Comment by DC is my Manhattan

It’s not that I’m avoiding the office, I think it’s the universe karmically protecting you from the clutches of my abduction van.

Comment by Poem

I WOULD have worn the shirt IF some “friends” had come to the focuspoint show in Bellingham.

“…the genius behind the t-shirt [was that he] wasn’t sure what size i am now since i’ve surely gained weight since he last saw me.”

That made me laugh, in the “laughing with you” way, not the “laughing at you” way.

Comment by Paolo

i went to that shecky’s event! i was not too impressed but the mangotini’s? Those were incredible and i probably threw back like…six before i was like “okay these girls are going to think i’m a boozehound…”
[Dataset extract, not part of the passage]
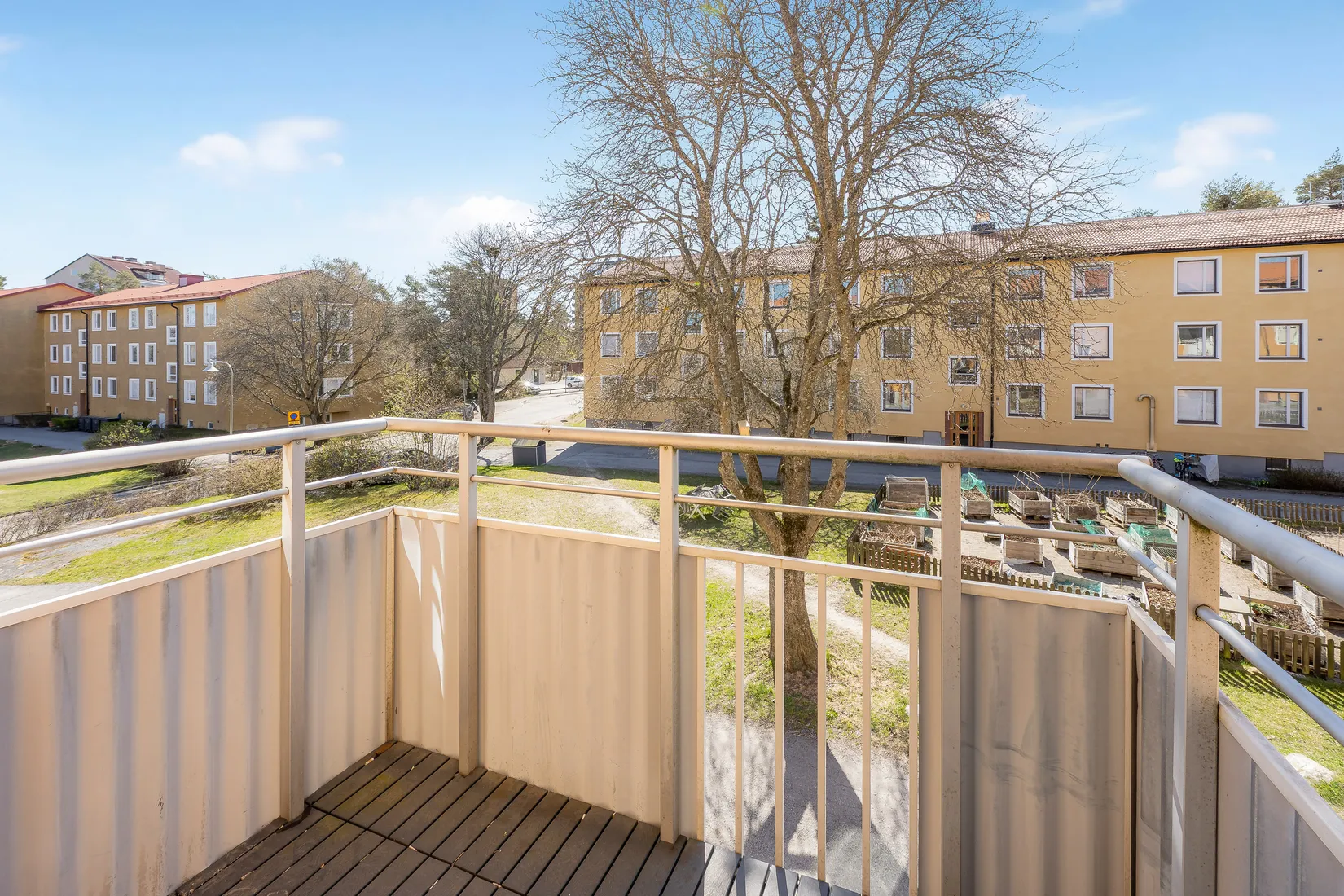 Bostadsrätt, Astrakangatan 85, 2tr, Hässelby Gård, Stockholm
and when was your birthday?! I just celebrated my quarterlife on the 12th of april. I’m still celebrating though cause i got stood up by my former roommates, and had a big falling out with a friend of mine the day before. I want to redo that celebration sometime soon…yeahhhh.

Comment by legallyheidi

Pithy, I think you’re actually next on the list to receive a shirt.

Poemy, maybe i wanna see the inside of your van. Ever think of that, hmmmmm?

P, I WOULD have come to the show if i hadn’t been drinking pitchers of beer and kicking ass at bowling. Plus, I don’t think the biggest shirt would’ve fit you. (laughing WITH you, my dear, WITH you.)

Speaking of beer, Heidi, boozehounds are my favorite type of hounds! The painful 2-5 mark was April 3, when I was met with rounds of birthday wishes revolving around the common theme of “does this mean you’re finally going to grow up and act your age?” … ahhhhhhh, late 20s. Sooo looking forward to you.